Keith Haring per Fiorucci, Milano (1984).

Perché un colosso del calibro di Fiorucci ha scelto di affidare i suoi negozi a figure così distanti dal mondo della moda?

Alessandro Mendini lo spiega molto bene: “la decorazione ha un identico effetto ovunque venga applicata, l’emozione che produce è la stessa, che sia su un abito, su un mobile, su una parete”.

Grazie all’arte e al design un negozio riesce ad offrire un’esperienza di spessore, un’emozione che si lega indissolubilmente alla marca.

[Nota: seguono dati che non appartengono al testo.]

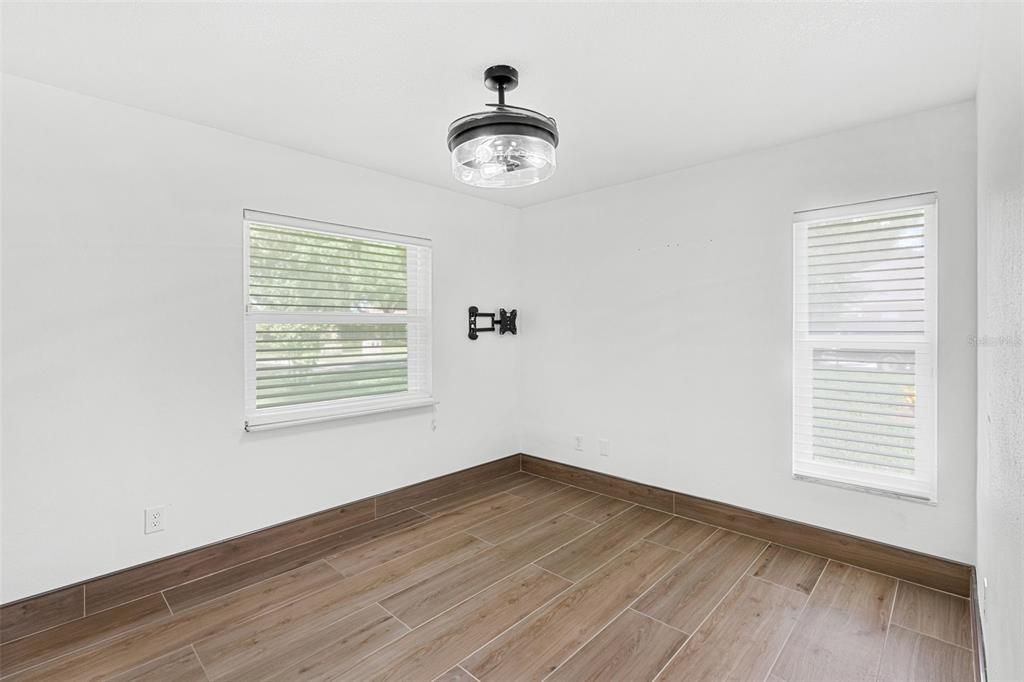 En Venta: $639,900 (4 camas, 2 baños, 2320 Pies cuadrados)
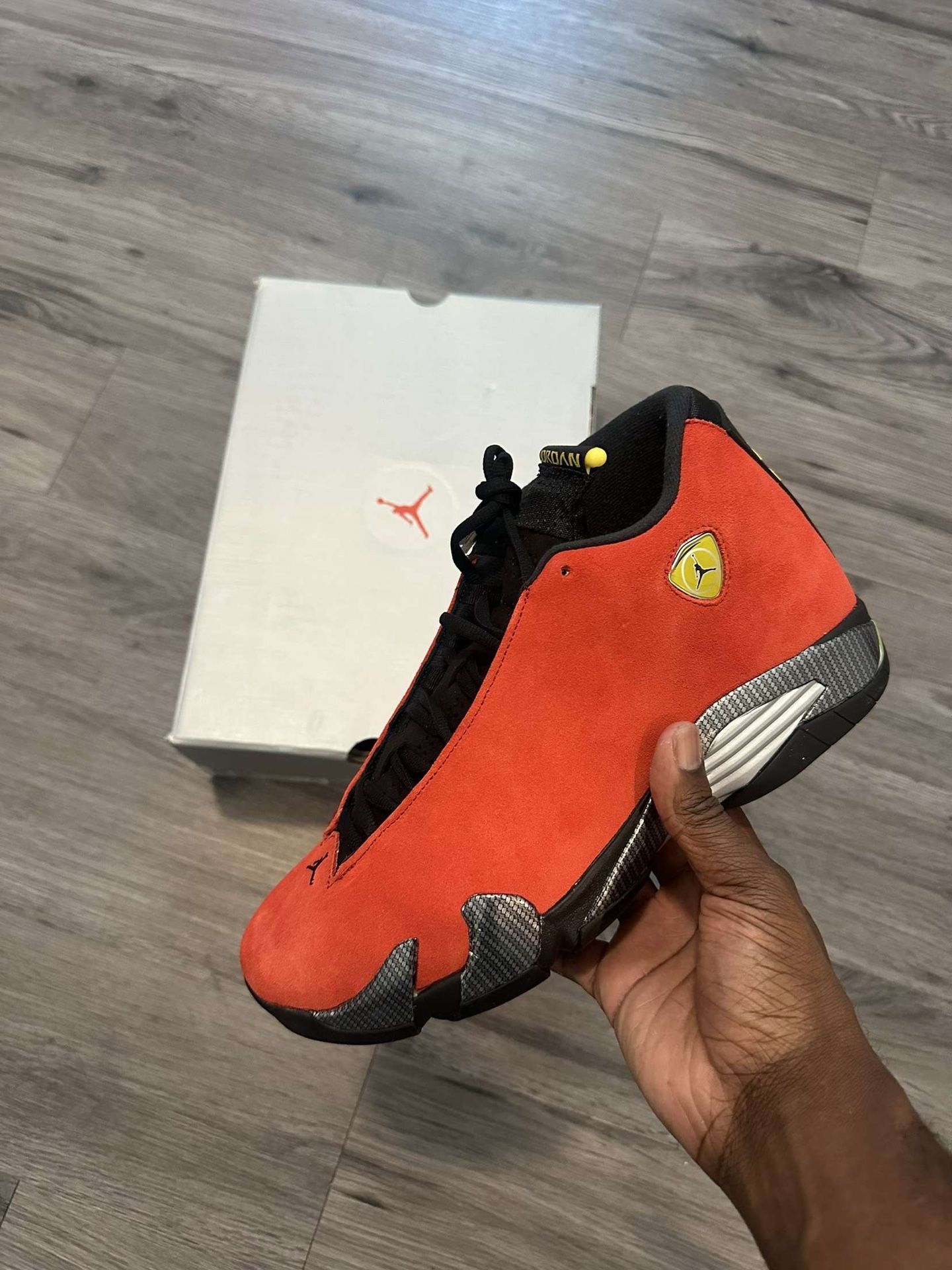Retro 14, High Fashion
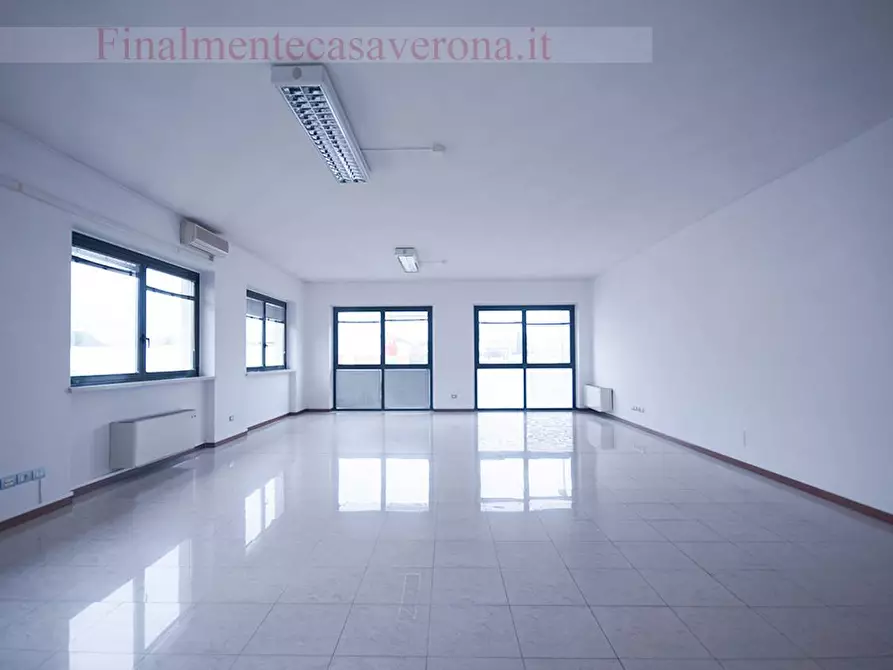 Immagine 5 di Ufficio in affitto  in Viale Europa a Negrar di Valpolicella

Fiorucci e Mendini, un colpo di fulmine

La collaborazione tra Elio Fiorucci e il designer/architetto/artista Alessandro Mendini è partita con un colpo di fulmine: Alessandro vedeva nel modo anticonformista ed eclettico di Elio il suo stesso slancio nei confronti del design, e viceversa.

Questione di feeling.

L’estetica di Fiorucci durante la collaborazione con Alessandro Mendini.

 

Combinare sensibilità diverse in un progetto comune, realizzare il massimo potenziale di un progetto lungimirante: ecco cosa succede quando due professionisti lavorano bene insieme.

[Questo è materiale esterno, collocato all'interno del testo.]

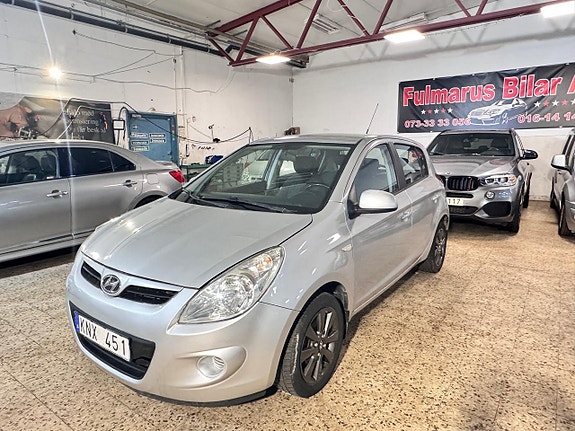 Hyundai i20 3 of 11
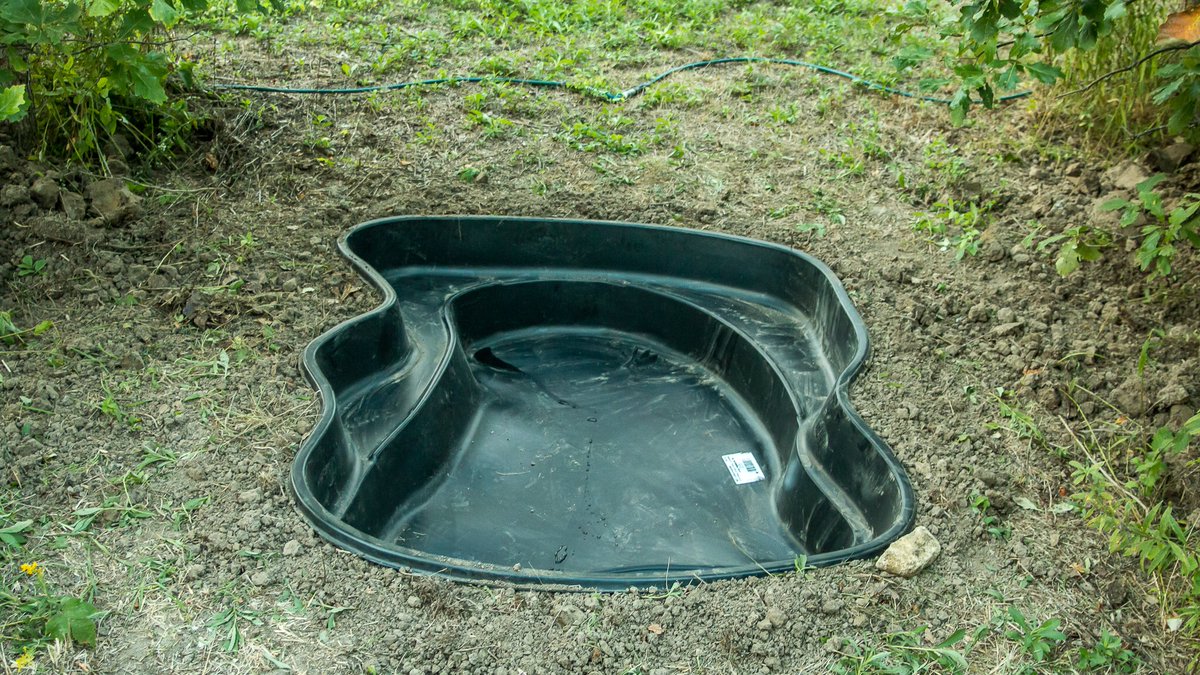 MCTProductions_'s tweet image. Anyone ever try out a little drinking water pond? Can’t wait to see the reactions from the wildlife on the trail camera on it!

Il designer italiano Alessandro Mendini seduto su una delle sue opere più celebri, la Poltrona Proust.

La continua ricerca di stimoli nuovi

Integrazione di Poltrona Proust nel design di un negozio.

Alessandro Mendini non si faceva intimorire dalla varietà degli ambiti in cui si trovava a operare.

Le sue collaborazioni sono state una miniera di nuove opportunità: da progetti di architettura al design di oggetti, dall’arredamento alla collaborazione con marchi di moda, oggettistica, lusso e tecnologia.

Lo store progettato per Fiorucci si aggiudicò addirittura il titolo di “gospel of cool”.

Cosa ci insegna tutto questo?

Che bisogna osare ascoltando anche chi opera in campi diversi dal nostro, perché oggetti inconsueti, abbinamenti audaci, contesti nuovi e coinvolgenti possono dare nuova vita al design di un negozio.